Although quantitative PCR (qPCR) is the well-established gold standard for accurate DNA quantification⁷ that is also used in DNA nanotechnology,⁸ to our knowledge this method has never been applied for quantification of DNA in RCA hydrogels. One explanation why qPCR has not been used so far could be the high viscosity of these materials resulting from the entanglement of the ultra-long DNA chains within the 3D network,² which methodologically complicates a clean qPCR analysis. To address this issue, we report here the evaluation of different methodologies for their suitability for accurate quantification of amplified DNA in RCA hydrogels, based on the fundamental question of whether different circular templates with different DNA sequence lead to different RCA efficiencies. While there is strong evidence that the sequence composition can significantly affect the RCA efficiency, one related work has only performed relative comparisons of the amount of product.^6d Here we compare two methods based on either the use of a double-strand sensitive intercalator dye or, for the first time, photometric quantification of nucleotides present in the reaction mixture with the qPCR method for their capability for accurate quantification of amplified DNA in RCA hydrogels.

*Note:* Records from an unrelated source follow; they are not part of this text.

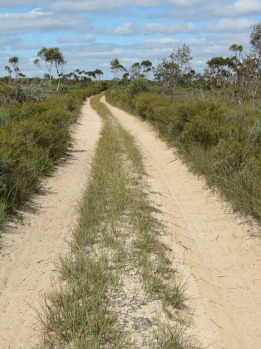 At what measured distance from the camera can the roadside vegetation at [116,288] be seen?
4.04 metres

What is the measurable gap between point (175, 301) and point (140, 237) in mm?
1699

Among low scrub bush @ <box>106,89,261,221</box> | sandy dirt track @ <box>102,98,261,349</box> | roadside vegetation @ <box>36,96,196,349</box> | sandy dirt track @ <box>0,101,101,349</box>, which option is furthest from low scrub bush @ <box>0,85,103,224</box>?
low scrub bush @ <box>106,89,261,221</box>

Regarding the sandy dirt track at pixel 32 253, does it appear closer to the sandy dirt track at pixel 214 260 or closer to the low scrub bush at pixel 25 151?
the low scrub bush at pixel 25 151

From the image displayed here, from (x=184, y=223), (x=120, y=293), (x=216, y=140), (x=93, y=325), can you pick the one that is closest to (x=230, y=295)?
(x=120, y=293)

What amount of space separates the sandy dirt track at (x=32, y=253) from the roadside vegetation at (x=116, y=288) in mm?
210

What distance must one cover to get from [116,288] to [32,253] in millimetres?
1649

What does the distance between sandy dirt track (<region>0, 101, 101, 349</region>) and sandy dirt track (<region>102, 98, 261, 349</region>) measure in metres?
1.57

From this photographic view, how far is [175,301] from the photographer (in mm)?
4730

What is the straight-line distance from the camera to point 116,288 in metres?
4.93

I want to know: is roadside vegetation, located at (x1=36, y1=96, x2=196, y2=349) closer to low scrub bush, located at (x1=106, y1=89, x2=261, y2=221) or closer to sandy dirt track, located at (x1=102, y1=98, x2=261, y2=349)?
sandy dirt track, located at (x1=102, y1=98, x2=261, y2=349)

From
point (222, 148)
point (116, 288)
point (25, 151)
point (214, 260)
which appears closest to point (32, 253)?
point (116, 288)

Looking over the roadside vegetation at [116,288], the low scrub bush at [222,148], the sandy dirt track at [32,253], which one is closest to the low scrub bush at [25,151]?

In order to identify suitable methods for accurate quantification of DNA in RCA-based hydrogels, we performed a time-resolved study of the RCA process as a function of three literature-proven templates that differ in their DNA sequence and thus their ability to form secondary structures by intramolecular base pairing. Sequences of templates A and B were designed by the Walther group for the preparation of mechanosensitive RCA hydrogels,⁹ while sequence C contains stem loops and restriction sites, originally designed by the Tan group¹⁰ and used by us for the preparation of DNA nanocomposite materials.¹¹ The three sequences A–C were purchased as linear oligonucleotides from a commercial supplier and converted into circularized templates by enzymatic ligation. (Fig. S1 and S2, ESI†). In the typical experimental workflow, the templates were then used for RCA reactions in a total reaction volume of 250 μL using a short primer, phi29 polymerase and dNTPs. Samples were taken at different time points within the total reaction time of 72 h.

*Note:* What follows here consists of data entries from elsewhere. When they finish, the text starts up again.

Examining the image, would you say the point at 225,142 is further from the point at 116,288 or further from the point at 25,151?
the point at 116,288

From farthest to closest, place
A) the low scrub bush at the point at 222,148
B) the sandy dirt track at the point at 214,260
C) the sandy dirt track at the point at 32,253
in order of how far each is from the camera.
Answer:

Fluorometric Sybr Green assay. We first tested a simple quantification approach using the nucleic acid dye Sybr Green I (Thermo Fisher Scientific). The emitted fluorescence of Sybr Green I increases dramatically (>1000-fold) upon incorporation into double-stranded DNA, resulting in high detection sensitivity and usability in bioanalytical assays such as real-time PCR.¹² During RCA, phi29 polymerase continuously amplifies the complementary sequence of the circular template, generating long ssDNA chains that can subsequently assemble into more energetically favourable secondary structures by intramolecular base pairing. Quantification of secondary structures during RCA should therefore allow conclusions to be drawn about the total amount of DNA present and could also provide insights into amplification kinetics, as has been demonstrated in other applications.¹³ To prevent an inhibitory effect of the intercalating dye on polymerase efficiency, which has been observed in other PCR systems,¹⁴ we did not use Sybr Green I in situ during the RCA reaction, but added it after the reaction. The amplification process was stopped by heat denaturation of phi29 polymerase, Sybr Green I was added by thorough pipetting of the reaction mixture, and fluorescence intensity was measured at λ_Em = 520 nm (Fig. S4, ESI†). The general workflow is shown in Fig. 1A. The measured fluorescence signals were correlated with the absolute amount of DNA in the sample using a calibration curve generated with herring sperm DNA of known concentration (Fig. S3, ESI†). The resulting quantitative DNA amounts in the standard reaction volume of 250 μL at different reaction time points are shown in Fig. 1C.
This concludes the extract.